--- EXERCISE PROMPT ---
Among the entries below, one stretch runs from the line that contains "Previous releases of" through the line that contains "The Achilles tendon still". Repeat that stretch exactly, ends included, and only that.

--- TASK MATERIAL ---
>>>

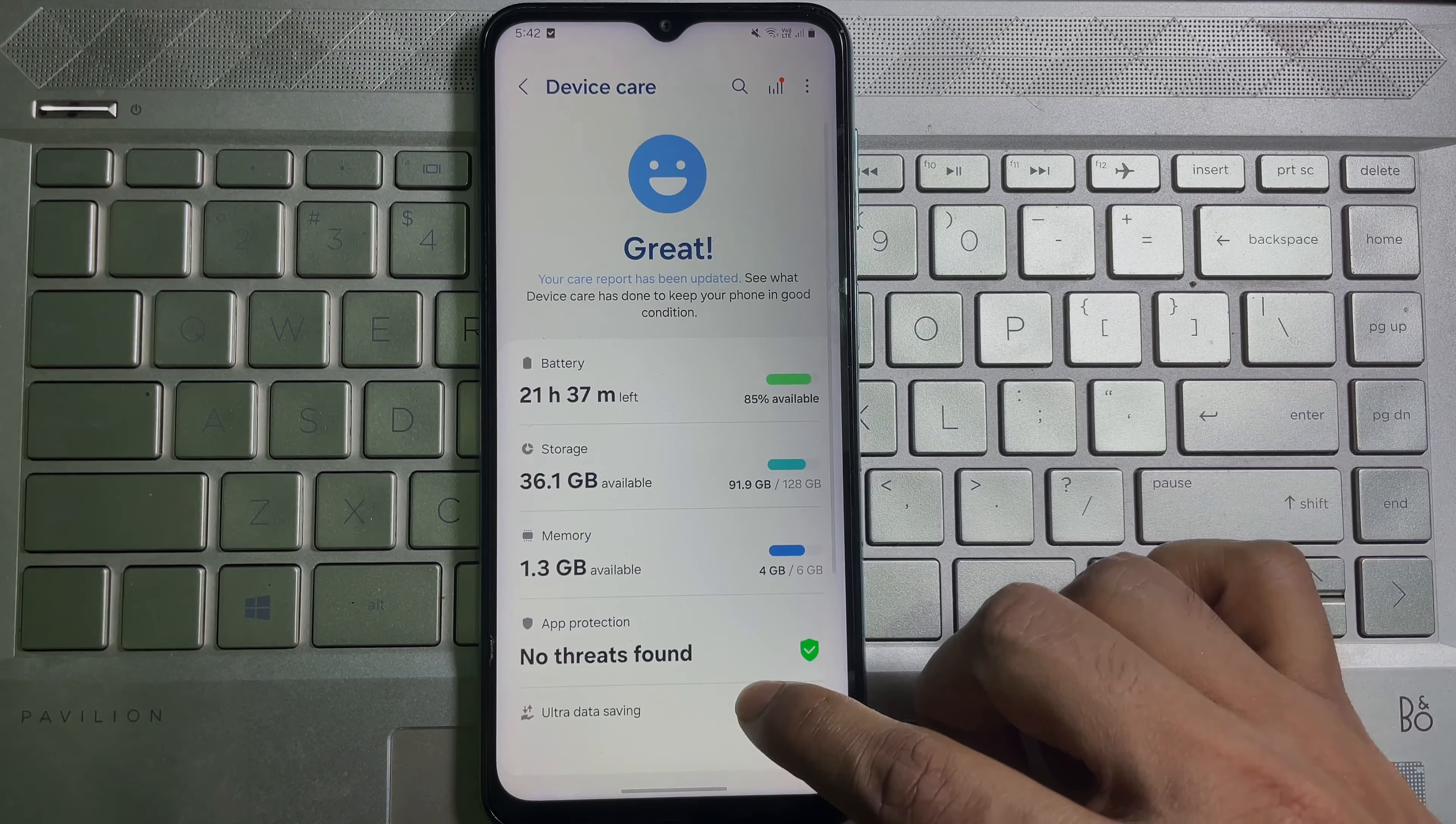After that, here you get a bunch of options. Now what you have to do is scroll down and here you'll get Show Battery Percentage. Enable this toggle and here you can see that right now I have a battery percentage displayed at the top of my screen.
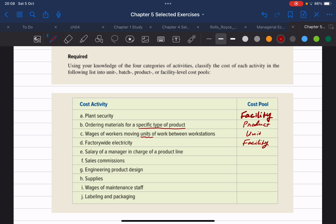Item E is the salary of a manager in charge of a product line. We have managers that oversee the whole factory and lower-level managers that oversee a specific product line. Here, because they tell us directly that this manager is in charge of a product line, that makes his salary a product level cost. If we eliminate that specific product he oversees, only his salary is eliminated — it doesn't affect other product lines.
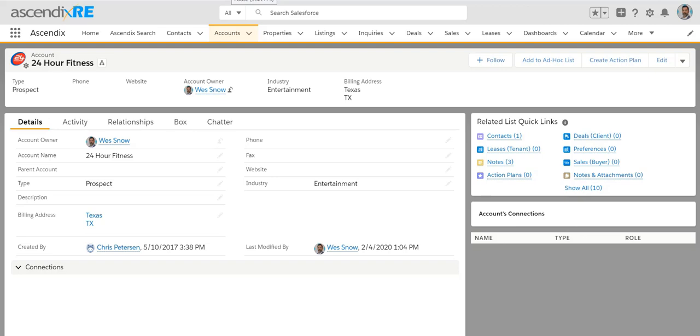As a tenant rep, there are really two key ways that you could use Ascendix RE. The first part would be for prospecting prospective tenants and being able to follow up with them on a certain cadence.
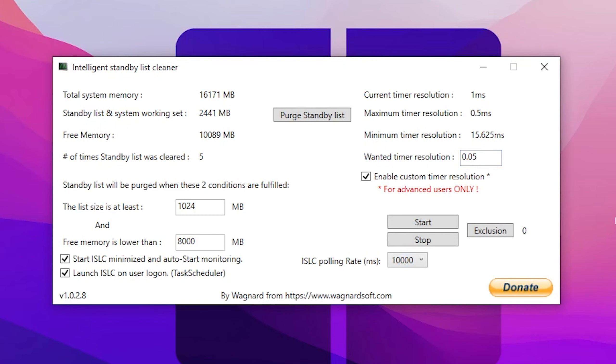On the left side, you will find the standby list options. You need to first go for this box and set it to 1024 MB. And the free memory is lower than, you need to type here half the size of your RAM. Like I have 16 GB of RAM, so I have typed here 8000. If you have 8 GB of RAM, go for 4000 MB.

<<<
>>>

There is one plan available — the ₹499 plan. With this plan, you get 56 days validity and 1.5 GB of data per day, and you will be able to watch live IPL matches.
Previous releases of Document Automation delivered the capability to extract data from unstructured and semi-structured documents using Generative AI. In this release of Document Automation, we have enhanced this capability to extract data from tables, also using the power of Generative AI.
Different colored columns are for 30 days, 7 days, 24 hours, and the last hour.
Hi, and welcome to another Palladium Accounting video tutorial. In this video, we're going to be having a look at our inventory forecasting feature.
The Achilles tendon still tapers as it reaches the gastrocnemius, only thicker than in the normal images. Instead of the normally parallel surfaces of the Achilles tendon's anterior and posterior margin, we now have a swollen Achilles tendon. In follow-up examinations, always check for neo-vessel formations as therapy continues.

<<<

--- ANSWER BELOW ---
Previous releases of Document Automation delivered the capability to extract data from unstructured and semi-structured documents using Generative AI. In this release of Document Automation, we have enhanced this capability to extract data from tables, also using the power of Generative AI.
Different colored columns are for 30 days, 7 days, 24 hours, and the last hour.
Hi, and welcome to another Palladium Accounting video tutorial. In this video, we're going to be having a look at our inventory forecasting feature.
The Achilles tendon still tapers as it reaches the gastrocnemius, only thicker than in the normal images. Instead of the normally parallel surfaces of the Achilles tendon's anterior and posterior margin, we now have a swollen Achilles tendon. In follow-up examinations, always check for neo-vessel formations as therapy continues.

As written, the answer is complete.